**DIRECTIONS**
Print the lines from the one containing "Jordan Bardella, fot. PAP/EPA/OLIVIER HOSLET" through the end of the listing below, exactly as written. Any pictures stay out.

**INFORMATION SHOWN**

============

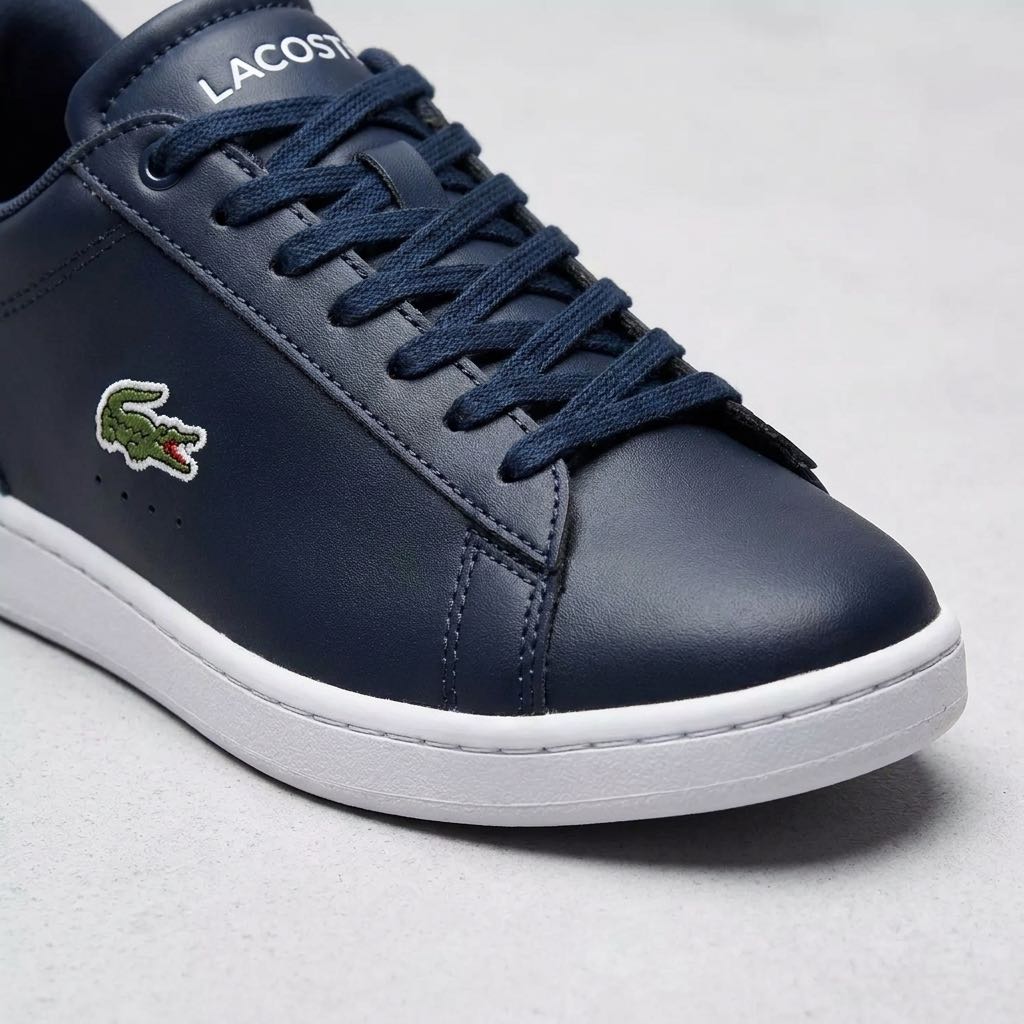 LACOSTE Carnaby Set - Leather Sneakers Man blue Photo 5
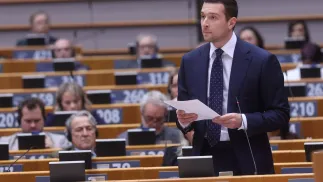 Jordan Bardella, fot. PAP/EPA/OLIVIER HOSLET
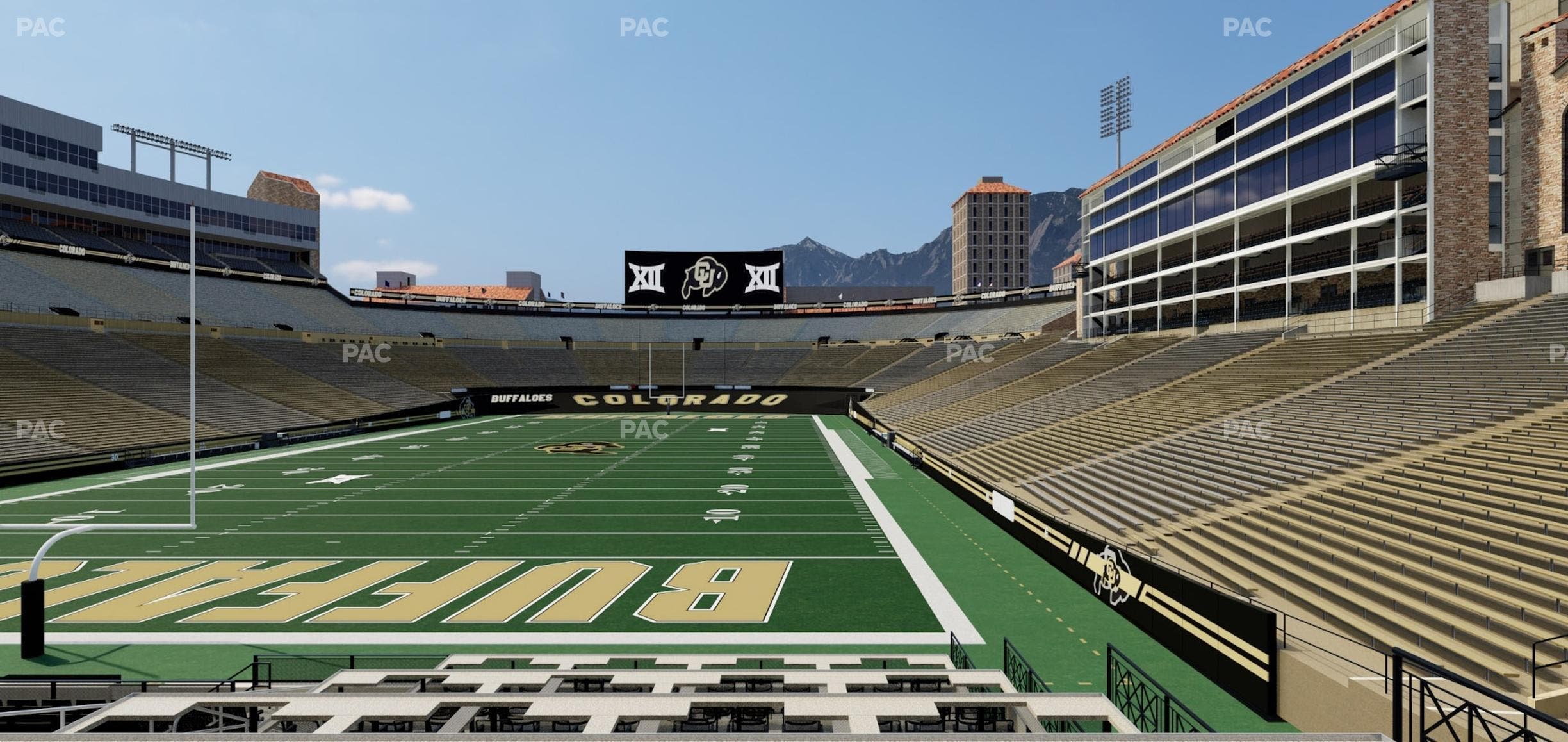 Folsom Field - Section Loge Box 178 Seat View
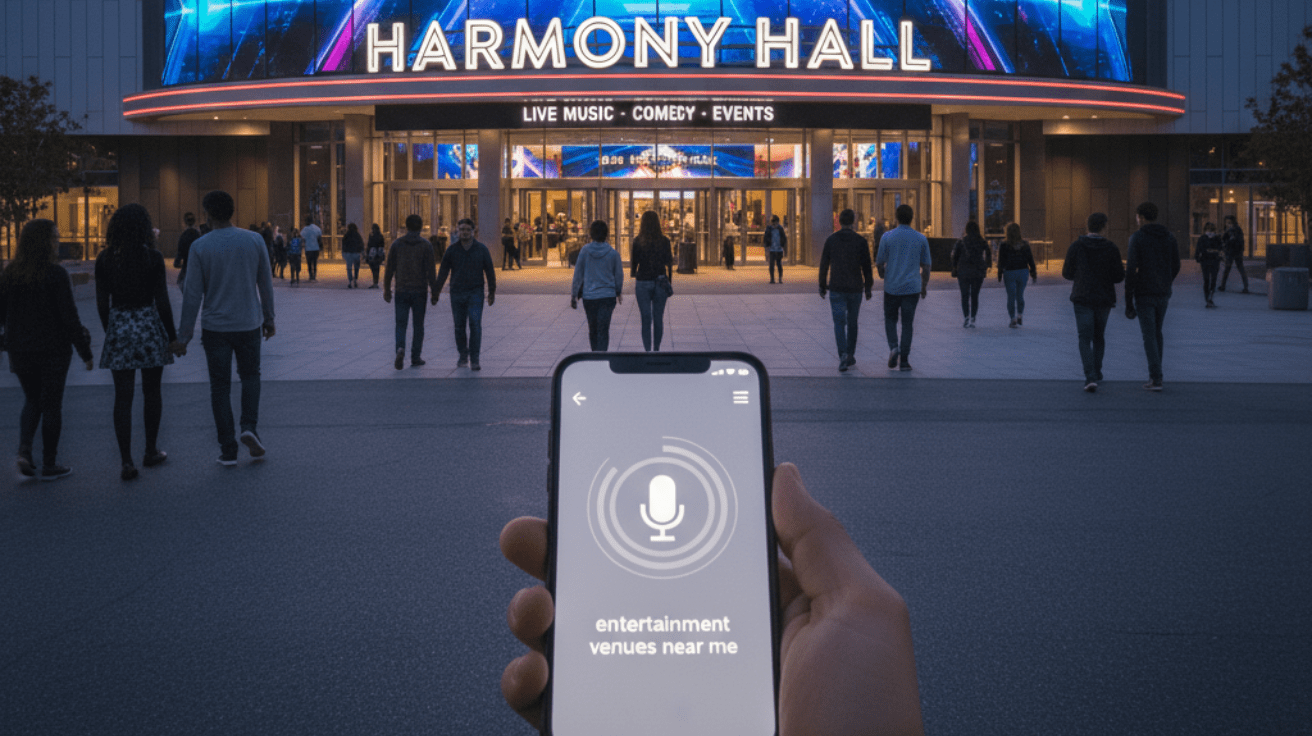 Voice Search Optimization for Entertainment Venues Capturing Near Me Traffic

============

**TASK ANSWER**
 Jordan Bardella, fot. PAP/EPA/OLIVIER HOSLET
 Folsom Field - Section Loge Box 178 Seat View
 Voice Search Optimization for Entertainment Venues Capturing Near Me Traffic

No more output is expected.